*SOURCE RECORDS*.
··········

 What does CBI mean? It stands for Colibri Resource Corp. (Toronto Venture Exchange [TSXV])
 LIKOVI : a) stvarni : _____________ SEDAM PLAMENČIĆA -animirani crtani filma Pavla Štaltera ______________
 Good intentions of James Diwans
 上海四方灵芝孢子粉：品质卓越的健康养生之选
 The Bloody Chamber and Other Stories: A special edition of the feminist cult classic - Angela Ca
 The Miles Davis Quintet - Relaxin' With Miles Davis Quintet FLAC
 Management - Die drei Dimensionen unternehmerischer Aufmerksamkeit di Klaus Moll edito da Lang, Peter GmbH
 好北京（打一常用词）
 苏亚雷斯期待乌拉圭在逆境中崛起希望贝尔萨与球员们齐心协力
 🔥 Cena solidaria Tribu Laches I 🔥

··········

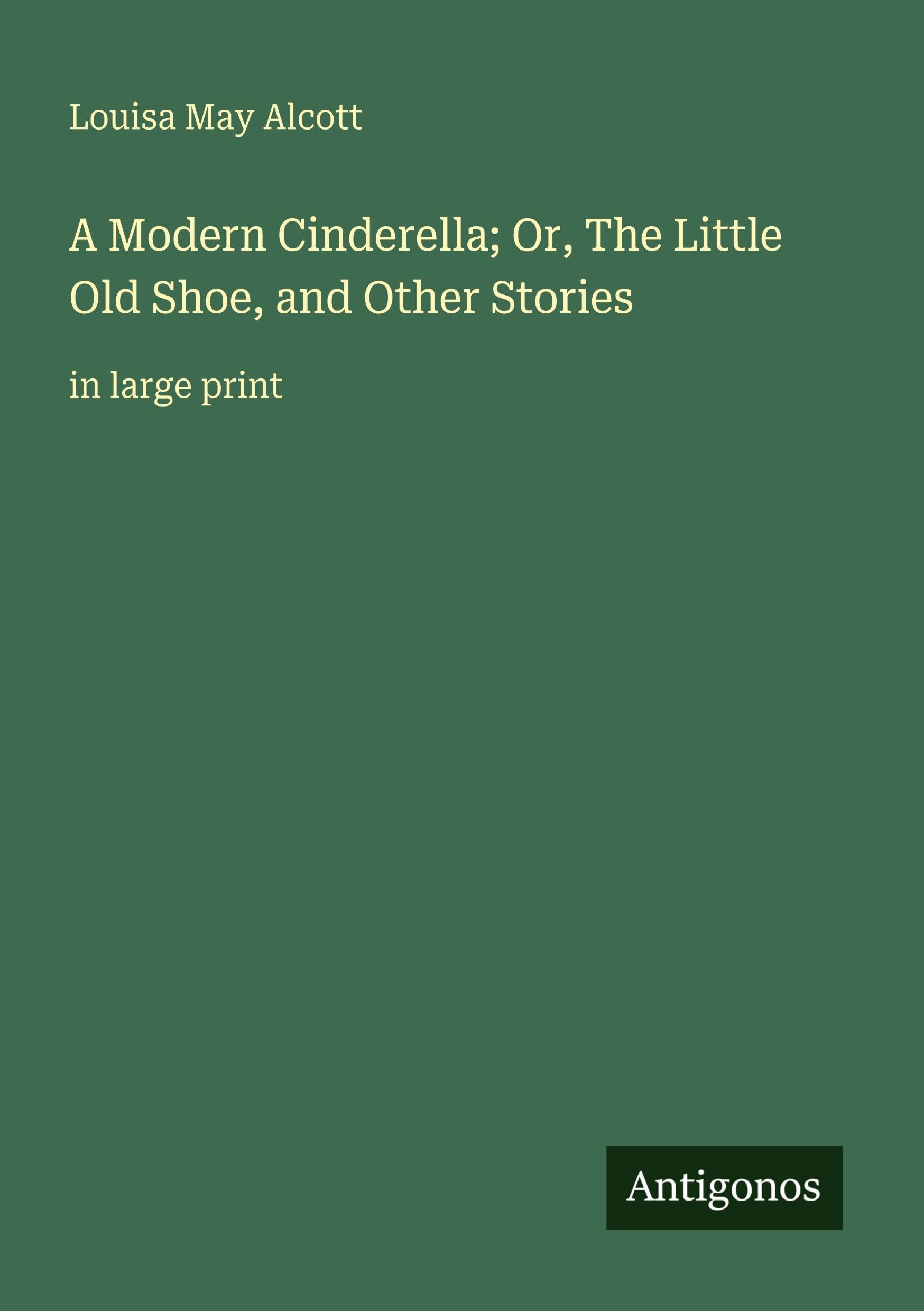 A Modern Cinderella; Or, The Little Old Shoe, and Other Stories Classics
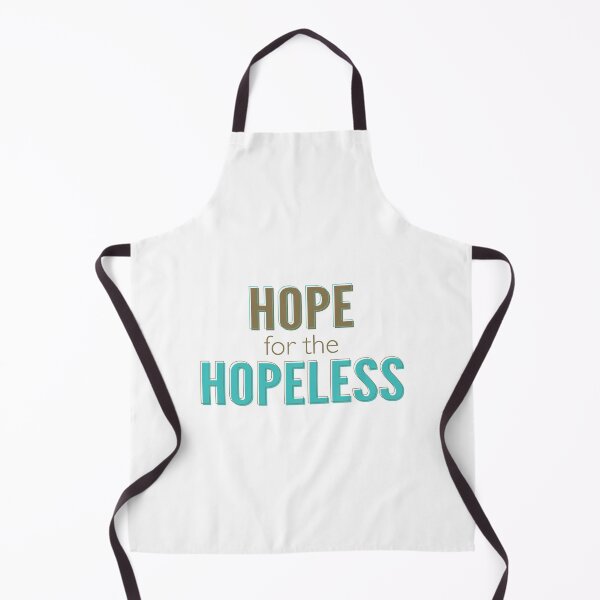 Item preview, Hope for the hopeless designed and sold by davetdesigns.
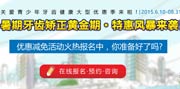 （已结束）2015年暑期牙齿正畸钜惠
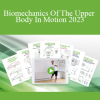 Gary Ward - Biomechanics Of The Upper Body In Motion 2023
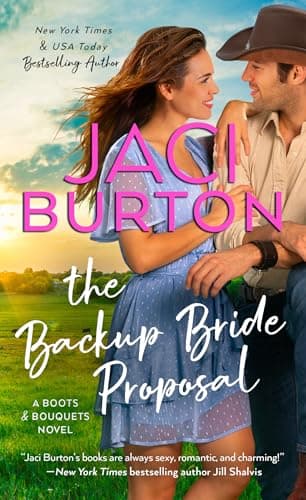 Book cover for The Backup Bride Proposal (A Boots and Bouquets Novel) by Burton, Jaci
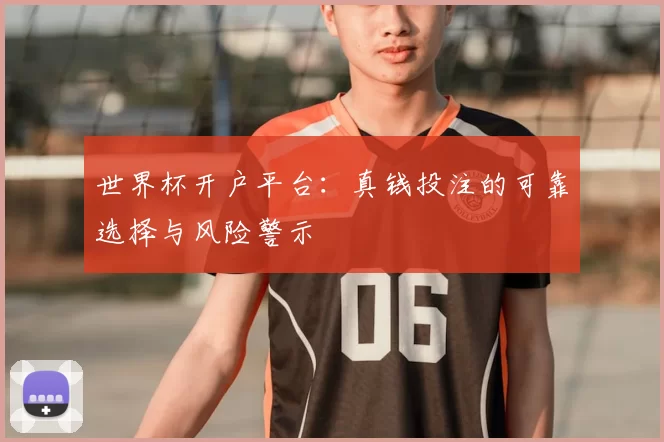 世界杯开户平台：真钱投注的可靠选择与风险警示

··········

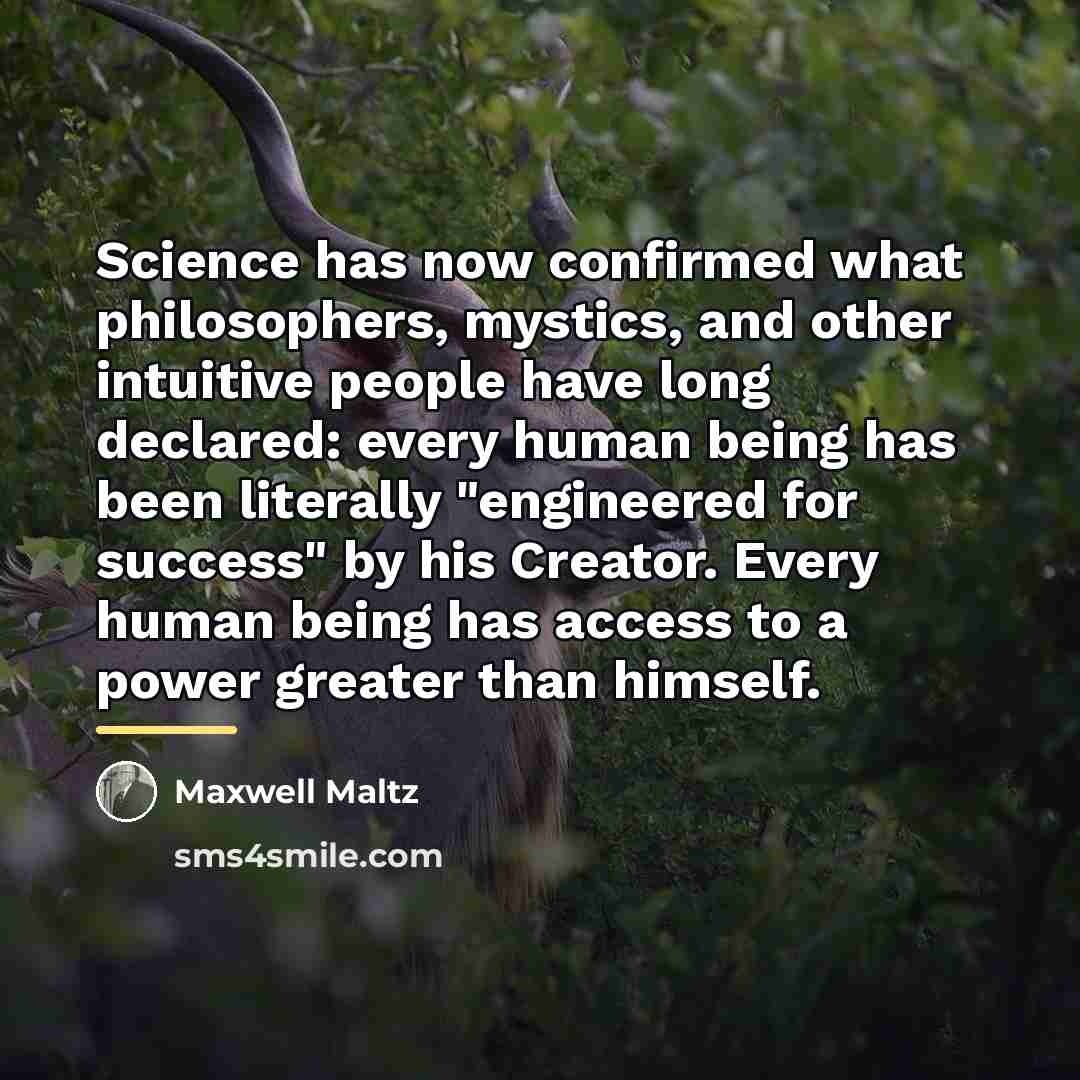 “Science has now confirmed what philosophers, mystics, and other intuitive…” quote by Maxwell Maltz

··········

Please return only the lines above, starting at the line that has "What does CBI" and ending at the line that has "Tribu Laches I 🔥", keeping both and leaving each one unchanged.

 What does CBI mean? It stands for Colibri Resource Corp. (Toronto Venture Exchange [TSXV])
 LIKOVI : a) stvarni : _____________ SEDAM PLAMENČIĆA -animirani crtani filma Pavla Štaltera ______________
 Good intentions of James Diwans
 上海四方灵芝孢子粉：品质卓越的健康养生之选
 The Bloody Chamber and Other Stories: A special edition of the feminist cult classic - Angela Ca
 The Miles Davis Quintet - Relaxin' With Miles Davis Quintet FLAC
 Management - Die drei Dimensionen unternehmerischer Aufmerksamkeit di Klaus Moll edito da Lang, Peter GmbH
 好北京（打一常用词）
 苏亚雷斯期待乌拉圭在逆境中崛起希望贝尔萨与球员们齐心协力
 🔥 Cena solidaria Tribu Laches I 🔥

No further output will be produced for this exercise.